Djourou: Den Kapitän konnte an diesem Abend zunächst nur eine Rückenverletzung stoppen. Dann stoppte er Pizarro deutlich über der Grenze des Erlaubten. Zum Glück ohne Folgen.
Spahic: Er hatte genau einen Auftrag: Pizarro stoppen. Auftrag erfüllt. Auch wenn ihm Drobny dabei helfen musste.
Ostrzolek: Nach fast zwei Jahren beim HSV zeigte er mit einer einzigen Aktion, warum ihn der Verein einst gekauft hat. Ganz starke Vorarbeit zum wichtigen 2:0.

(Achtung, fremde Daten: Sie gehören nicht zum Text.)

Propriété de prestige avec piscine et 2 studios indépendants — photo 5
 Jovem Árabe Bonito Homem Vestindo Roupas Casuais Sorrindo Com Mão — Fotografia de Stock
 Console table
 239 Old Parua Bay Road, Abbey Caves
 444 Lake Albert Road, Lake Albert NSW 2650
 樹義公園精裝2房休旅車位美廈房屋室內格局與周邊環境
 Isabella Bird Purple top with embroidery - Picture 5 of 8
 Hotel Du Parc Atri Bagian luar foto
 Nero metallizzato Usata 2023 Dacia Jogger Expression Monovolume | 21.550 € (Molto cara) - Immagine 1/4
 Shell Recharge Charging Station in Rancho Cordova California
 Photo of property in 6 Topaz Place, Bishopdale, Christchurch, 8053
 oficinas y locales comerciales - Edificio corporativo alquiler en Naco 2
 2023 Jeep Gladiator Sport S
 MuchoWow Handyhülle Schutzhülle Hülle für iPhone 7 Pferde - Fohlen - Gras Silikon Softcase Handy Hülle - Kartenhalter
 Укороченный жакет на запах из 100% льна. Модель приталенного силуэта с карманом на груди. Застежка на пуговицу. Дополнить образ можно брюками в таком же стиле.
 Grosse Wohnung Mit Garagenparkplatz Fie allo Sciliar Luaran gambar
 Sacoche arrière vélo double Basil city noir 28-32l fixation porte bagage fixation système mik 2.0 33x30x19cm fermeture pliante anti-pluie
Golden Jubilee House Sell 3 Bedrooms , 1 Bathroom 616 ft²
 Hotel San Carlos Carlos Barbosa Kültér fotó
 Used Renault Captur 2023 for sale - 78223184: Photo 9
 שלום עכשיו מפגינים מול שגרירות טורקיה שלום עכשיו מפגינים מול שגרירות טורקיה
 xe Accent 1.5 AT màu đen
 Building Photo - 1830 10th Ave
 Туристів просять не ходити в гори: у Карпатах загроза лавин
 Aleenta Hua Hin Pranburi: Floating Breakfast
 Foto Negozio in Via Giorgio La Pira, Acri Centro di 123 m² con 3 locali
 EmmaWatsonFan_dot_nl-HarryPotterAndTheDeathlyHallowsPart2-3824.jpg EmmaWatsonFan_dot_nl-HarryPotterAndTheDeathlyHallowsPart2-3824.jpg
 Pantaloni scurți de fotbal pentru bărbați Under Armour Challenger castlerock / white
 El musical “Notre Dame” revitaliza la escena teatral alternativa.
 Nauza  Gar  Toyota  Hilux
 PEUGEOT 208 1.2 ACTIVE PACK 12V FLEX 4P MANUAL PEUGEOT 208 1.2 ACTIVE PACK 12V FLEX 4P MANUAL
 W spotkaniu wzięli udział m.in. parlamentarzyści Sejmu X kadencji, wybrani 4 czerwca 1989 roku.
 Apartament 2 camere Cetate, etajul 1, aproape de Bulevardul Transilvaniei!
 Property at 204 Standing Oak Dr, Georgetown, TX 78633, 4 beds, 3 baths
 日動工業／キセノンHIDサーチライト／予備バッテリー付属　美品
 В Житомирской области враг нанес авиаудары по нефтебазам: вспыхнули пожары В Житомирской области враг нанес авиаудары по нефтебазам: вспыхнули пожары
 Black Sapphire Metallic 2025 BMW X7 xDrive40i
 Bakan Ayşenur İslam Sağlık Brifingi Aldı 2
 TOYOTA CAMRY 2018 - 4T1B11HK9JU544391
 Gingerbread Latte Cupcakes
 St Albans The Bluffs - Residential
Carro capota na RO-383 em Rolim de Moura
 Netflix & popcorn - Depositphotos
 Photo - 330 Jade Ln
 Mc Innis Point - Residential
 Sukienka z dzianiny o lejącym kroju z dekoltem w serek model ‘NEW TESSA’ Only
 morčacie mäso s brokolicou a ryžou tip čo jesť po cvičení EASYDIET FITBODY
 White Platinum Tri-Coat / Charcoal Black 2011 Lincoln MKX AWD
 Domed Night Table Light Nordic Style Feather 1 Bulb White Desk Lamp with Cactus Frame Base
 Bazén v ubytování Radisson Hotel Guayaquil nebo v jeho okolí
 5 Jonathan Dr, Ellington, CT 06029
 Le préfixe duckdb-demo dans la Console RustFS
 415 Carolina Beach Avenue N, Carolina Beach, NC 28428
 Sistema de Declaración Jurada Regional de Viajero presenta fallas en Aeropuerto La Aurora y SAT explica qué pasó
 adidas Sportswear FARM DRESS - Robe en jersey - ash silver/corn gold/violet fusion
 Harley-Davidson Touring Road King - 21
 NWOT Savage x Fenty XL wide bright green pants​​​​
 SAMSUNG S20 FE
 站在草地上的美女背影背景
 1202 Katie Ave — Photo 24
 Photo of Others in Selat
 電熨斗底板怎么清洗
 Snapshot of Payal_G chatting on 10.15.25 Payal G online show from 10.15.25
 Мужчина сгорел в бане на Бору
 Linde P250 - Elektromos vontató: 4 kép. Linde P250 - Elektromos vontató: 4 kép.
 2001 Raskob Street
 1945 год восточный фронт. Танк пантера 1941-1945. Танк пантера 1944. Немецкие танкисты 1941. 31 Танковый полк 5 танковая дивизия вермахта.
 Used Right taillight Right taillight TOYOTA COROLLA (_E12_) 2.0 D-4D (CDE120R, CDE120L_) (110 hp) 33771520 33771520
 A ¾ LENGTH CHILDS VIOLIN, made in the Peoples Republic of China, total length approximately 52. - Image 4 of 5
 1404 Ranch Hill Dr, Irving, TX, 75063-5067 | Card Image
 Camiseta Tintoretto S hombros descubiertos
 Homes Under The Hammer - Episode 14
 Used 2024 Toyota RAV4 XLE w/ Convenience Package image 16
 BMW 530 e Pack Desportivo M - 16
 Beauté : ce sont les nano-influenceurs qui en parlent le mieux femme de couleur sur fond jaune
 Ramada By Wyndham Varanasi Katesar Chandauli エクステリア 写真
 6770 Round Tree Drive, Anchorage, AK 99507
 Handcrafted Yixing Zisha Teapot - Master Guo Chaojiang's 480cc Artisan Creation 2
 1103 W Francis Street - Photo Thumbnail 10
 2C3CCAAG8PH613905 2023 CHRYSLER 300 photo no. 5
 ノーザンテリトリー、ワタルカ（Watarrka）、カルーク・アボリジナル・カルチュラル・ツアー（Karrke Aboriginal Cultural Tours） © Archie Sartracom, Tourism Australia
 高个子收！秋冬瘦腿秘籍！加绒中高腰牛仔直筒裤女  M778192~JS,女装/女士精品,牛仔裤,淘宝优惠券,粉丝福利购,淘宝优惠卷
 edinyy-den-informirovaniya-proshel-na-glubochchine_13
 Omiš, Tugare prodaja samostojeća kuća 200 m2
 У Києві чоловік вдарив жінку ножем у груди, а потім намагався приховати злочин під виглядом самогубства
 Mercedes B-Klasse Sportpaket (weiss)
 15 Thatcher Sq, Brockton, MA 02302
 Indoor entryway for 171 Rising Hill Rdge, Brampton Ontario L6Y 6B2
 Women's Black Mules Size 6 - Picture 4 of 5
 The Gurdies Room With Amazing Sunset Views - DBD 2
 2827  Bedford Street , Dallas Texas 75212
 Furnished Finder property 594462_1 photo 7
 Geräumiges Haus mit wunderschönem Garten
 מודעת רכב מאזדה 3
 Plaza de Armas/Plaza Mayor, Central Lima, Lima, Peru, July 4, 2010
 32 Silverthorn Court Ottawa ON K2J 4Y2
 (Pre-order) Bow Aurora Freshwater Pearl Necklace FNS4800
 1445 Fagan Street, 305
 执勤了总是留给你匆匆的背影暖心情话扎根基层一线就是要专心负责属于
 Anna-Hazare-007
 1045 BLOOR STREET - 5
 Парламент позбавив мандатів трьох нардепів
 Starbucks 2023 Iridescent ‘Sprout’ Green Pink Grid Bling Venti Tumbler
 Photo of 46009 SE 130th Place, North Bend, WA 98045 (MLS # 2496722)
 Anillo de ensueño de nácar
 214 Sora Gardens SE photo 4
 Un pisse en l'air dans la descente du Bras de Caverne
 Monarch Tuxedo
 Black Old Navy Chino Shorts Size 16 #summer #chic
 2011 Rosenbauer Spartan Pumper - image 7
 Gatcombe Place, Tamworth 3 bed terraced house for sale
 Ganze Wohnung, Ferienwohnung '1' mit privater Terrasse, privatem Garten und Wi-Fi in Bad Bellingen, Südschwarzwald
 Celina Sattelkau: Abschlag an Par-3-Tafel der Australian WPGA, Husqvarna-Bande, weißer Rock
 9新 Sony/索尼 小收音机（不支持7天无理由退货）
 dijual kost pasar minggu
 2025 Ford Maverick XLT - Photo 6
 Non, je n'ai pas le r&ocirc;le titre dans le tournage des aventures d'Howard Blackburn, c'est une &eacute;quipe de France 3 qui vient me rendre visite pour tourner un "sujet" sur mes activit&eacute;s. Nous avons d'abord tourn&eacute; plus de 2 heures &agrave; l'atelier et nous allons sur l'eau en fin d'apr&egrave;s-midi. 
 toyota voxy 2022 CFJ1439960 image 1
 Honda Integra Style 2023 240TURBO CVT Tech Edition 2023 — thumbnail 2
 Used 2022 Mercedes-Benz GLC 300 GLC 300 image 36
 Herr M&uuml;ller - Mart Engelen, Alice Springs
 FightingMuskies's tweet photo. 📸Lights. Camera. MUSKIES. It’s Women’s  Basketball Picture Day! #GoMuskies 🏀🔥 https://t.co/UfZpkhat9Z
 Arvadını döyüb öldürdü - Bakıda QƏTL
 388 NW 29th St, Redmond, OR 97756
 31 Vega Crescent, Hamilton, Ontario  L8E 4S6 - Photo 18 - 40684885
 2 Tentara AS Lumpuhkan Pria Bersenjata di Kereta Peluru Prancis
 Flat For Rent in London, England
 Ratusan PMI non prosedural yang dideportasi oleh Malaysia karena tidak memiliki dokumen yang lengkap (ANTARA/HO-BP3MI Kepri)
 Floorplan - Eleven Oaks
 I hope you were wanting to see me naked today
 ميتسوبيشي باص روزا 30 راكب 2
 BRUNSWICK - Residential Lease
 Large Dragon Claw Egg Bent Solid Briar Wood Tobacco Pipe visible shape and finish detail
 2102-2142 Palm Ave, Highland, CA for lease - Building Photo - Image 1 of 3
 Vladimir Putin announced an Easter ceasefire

Jung: In der Luft nicht zu besiegen, am Boden dafür mit einigen Problemen. Am Ende gewann er schon sein zweites Nordderby in seiner ersten Saison.
Holtby: Ein Spiel wie gemacht für den nimmermüden Dauerläufer. Gewann vor allem in der ersten Halbzeit zahlreiche Zweikämpfe. Nur an seinen Standards sollte er dringend arbeiten. Müller (bis 45.): War seine Zerrung nur ein Bluff? Sprintete nicht nur vor dem 1:0 wie der Bruder von Usain Bolt. Musste dann doch verletzt raus.
Kacar (ab 46.): Der Serbe sollte in Halbzeit zwei das Mittelfeld stabilisieren. Es sollte ihm nicht gelingen.
Gregoritsch (bis 79.): Wenn Labbadias Plan war, dass der junge Österreicher mit seinen Kopfballverlängerungen für Verwirrung sorgen sollte, dann ist der Plan aufgegangen.
Diekmeier (ab 79.): Half mit, die Führung über die Zeit zu bringen.
Ilicevic (bis 88.): Zwei Wochen nach den Pfiffen gab es diesmal Szenenapplaus. Den hatte er sich verdient.
Cléber (ab 88.): Durfte am Ende mit den Fans den glücklichen Sieg feiern.
Lasogga: 669 Minuten oder – deutlicher ausgedrückt – fünf Monate nach seinem letzten HSV-Tor stand der Stürmer wieder da, wo er stehen muss. Fehlt in Mainz gelbgesperrt.